For example, the Dakota Access Pipeline was proposed to run within 10 miles of Bismarck, ND, but because it would require additional new infrastructure construction, because it would threaten the water supply of the settler city, and because it would violate settler laws about residential zoning, it was decided that it would cross the Standing Rock Reservation instead. Indigenous land defenders waged years of struggle in the form of protests, legal challenges, sabotage, and eventually open violence. Though many settlers joined the movement, the majority of local settlers did not and were content to allow the project to continue. The state’s subsequent violent clamp-down on protests enabled the project to continue to completion. Ultimately, the settler state almost always sides with settler interests, which occupy a position of entrenched institutional privilege backed by the monopoly of violence wielded by the bourgeoisie.

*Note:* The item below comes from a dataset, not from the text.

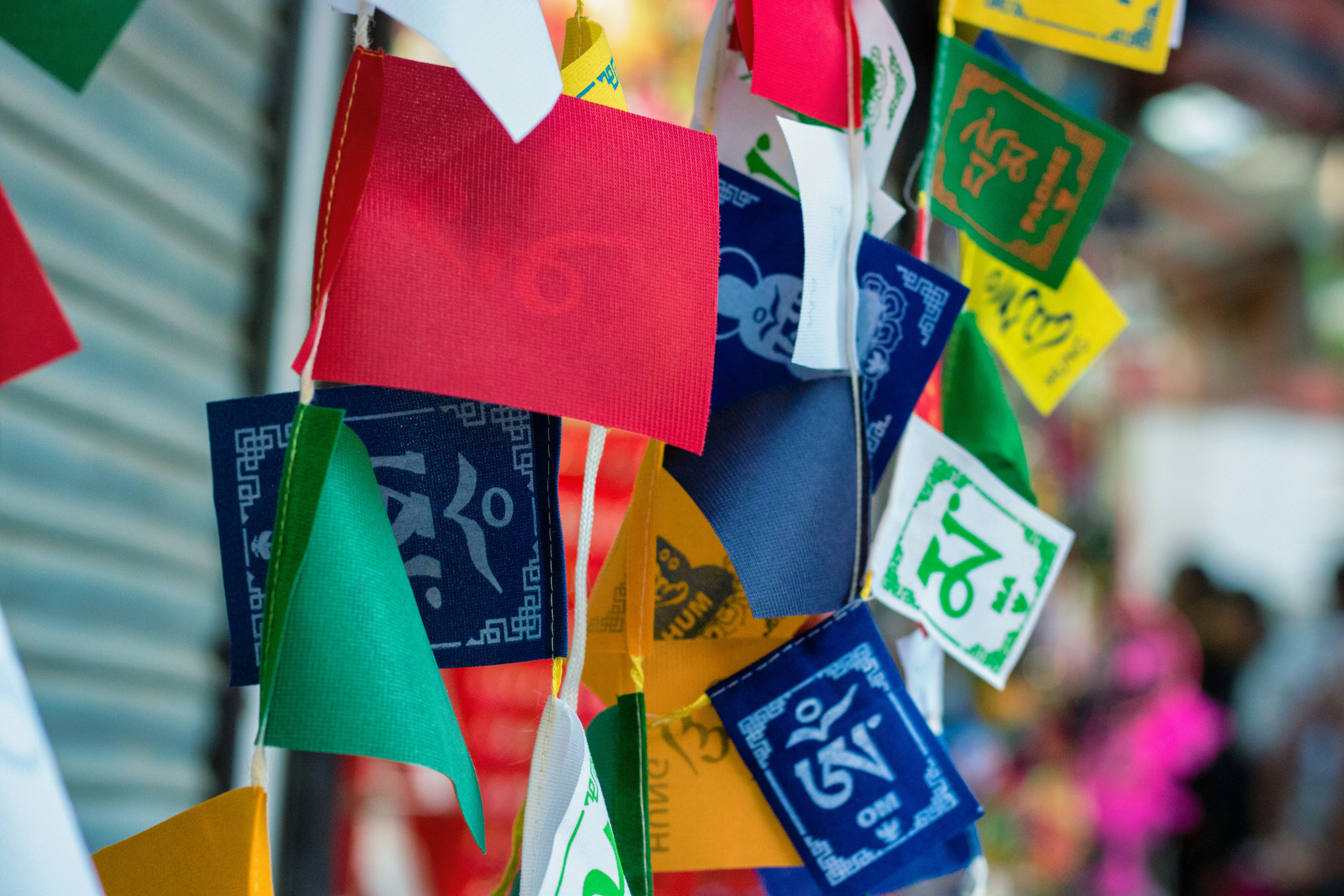 9 Global Greetings and Their Hidden Meanings: Global Language Guide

Patrick Wolfe, historian and scholar of Aboriginal history, described as a “cherished friend of the Wurundjeri” at his memorial service, said the following about settler colonialism:
“The primary motive for [settler colonialism] is not race (or religion, ethnicity, grade of civilization, etc.) but access to territory. Territoriality is settler-colonialism’s specific, irreducible element.”6
That Sykes’s definition does not even mention territoriality is a critical error in analysis. In skating past the material basis of the settler-colonized contraction, Sykes appears to see the contradiction not as a material class relationship facilitating the violent acquisition of land and accumulation of power through control over land, but as a mere contradiction of identity. The colonized and the settlers may as well be two opposing football teams for all it matters to Sykes.
Wolfe also notes:
“Settler colonialism is inherently eliminatory … The logic of elimination not only refers to the summary liquidation of Indigenous people, though it includes that. In common with genocide as Raphaël Lemkin characterized it, settler colonialism has both negative and positive dimensions. Negatively, it strives for the dissolution of native societies. Positively, it erects a new colonial society on the expropriated land base—as I put it, settler colonizers come to stay: invasion is a structure not an event.
…
In its positive aspect, the logic of elimination marks a return whereby the native repressed continues to structure settler-colonial society. It is both as complex social formation and as continuity through time that I term settler colonization a structure rather than an event.”
Sykes merely views settler colonialism as an event. To them it is an ephemeral phase of the development of the contemporary state, a phase which has long since passed and only bears consideration as an academic matter. Sykes fundamentally does not understand what settler colonialism is or what it does, and was evidently not challenged by others in his organization. As a self-professed “revolutionary” organization operating within a settler-colonial system, FRSO can and must do better than this!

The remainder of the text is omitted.